In questa ottica, occorre tuttavia che gli investimenti nei new media siano
estremamente limitati: largo spazio dunque alle economie di scala, che a
Portsmouth sono state realizzate attraverso un processo di produzione
integrato che, partendo dai sistemi editoriale e pubblicitario Atex,
effettua la conversione automatica dei testi prodotti per il giornale in
file utilizzabili dai sistemi audiotex, videotex, Internet. In questo modo
è possibile contenere al massimo i costi (l’area new media della Portsmouth
Newspapers ha un organico di tre persone), offrendo al contempo agli
inserzionisti una maggiore copertura del mercato con un incremento solo
marginale delle tariffe pubblicitarie.
Tutt’affatto diversa, anche se in fondo nata dalla stessa premessa – creare
un servizio redditizio su un mercato ancora in nuce – è la strategia
editoriale di Central Station, la joint-venture costituita in Belgio da 26
quotidiani e 12 periodici con l’obiettivo di fornire servizi telematici ad
alto valore aggiunto su un mercato di dimensioni estremamente ridotte.
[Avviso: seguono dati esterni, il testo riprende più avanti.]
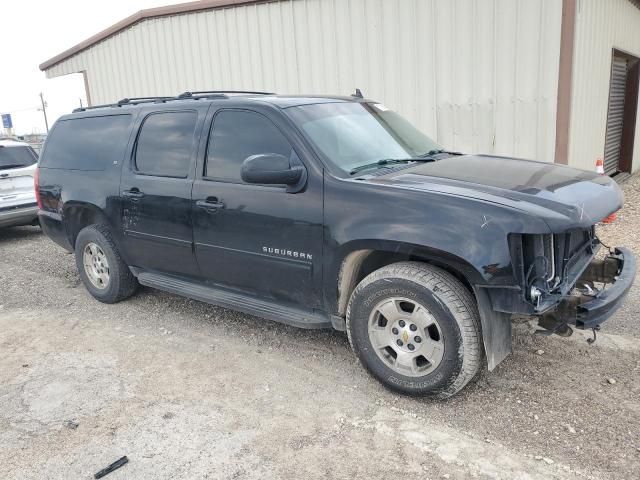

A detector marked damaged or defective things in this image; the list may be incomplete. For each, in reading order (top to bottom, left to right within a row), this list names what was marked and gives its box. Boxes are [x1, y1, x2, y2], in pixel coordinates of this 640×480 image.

front end damage [476, 229, 636, 372]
Ogni notte i giornali che partecipano all’iniziativa mandano il proprio
materiale editoriale – codificato in formato SGML – sul database SQL di
Central Station, dove ogni articolo viene indicizzato. I materiali così
trattati vengono quindi confrontati con i profili degli utenti e, sulla
base della filtratura, viene spedita ad ogni utente – via posta elettronica
– una “rassegna stampa personalizzata”.
Oltre a questo servizio, Central Station offre la possibilità – sulla base
di profili utente personalizzabili – di effettuare ricerche in tempo reale
sulle notizie di agenzia, oppure sull’archivio storico. Il servizio Central
Station viene già utilizzato dalle 200 più importanti società belghe, e la
tecnologia che sta alla sua base è stata esportata in altri paesi europei
per essere utilizzata da agenzie di stampa o da altri consorzi editoriali.
Il vero problema per i prodotti come Central Station – e più in generale
per tutti i prodotti e servizi informativi che affiancano il giornale
stampato rielaborandone le componenti – non è di natura tecnologica ma
giuridico-normativa, e riguarda la tutela del copyright. Jan Lamers, vice
presidente dell’ENPA, l’Associazione Europea degli Editori di Giornali, ha
ricordato come la legislazione e la giurisprudenza in vigore nell’Europa
continentale – in linea di massima – riconosca la proprietà intellettuale
del materiale pubblicato non all’editore ma al giornalista, che pertanto
può legittimamente chiedere un riconoscimento economico per il riutilizzo
del suo lavoro e può anche – per quanto paradossale ciò possa apparire –
rivendere il proprio lavoro ad un concorrente elettronico del giornale che
gli paga lo stipendio. Se gli editori non si riapproprieranno dei diritti
sul materiale pubblicato, ha concluso Lamers, dovranno rassegnarsi ad agire
sul mercato dell’on line come broker e non come fornitori di informazioni.
Un nuovo approccio giornalistico
Tutti i relatori susseguitisi sulla tribuna del simposio hanno insistito su
un punto chiave: i nuovi servizi informativi richiedono un nuovo approccio
da parte degli operatori dell’informazione, sia nella ricerca delle
informazioni che nella loro presentazione.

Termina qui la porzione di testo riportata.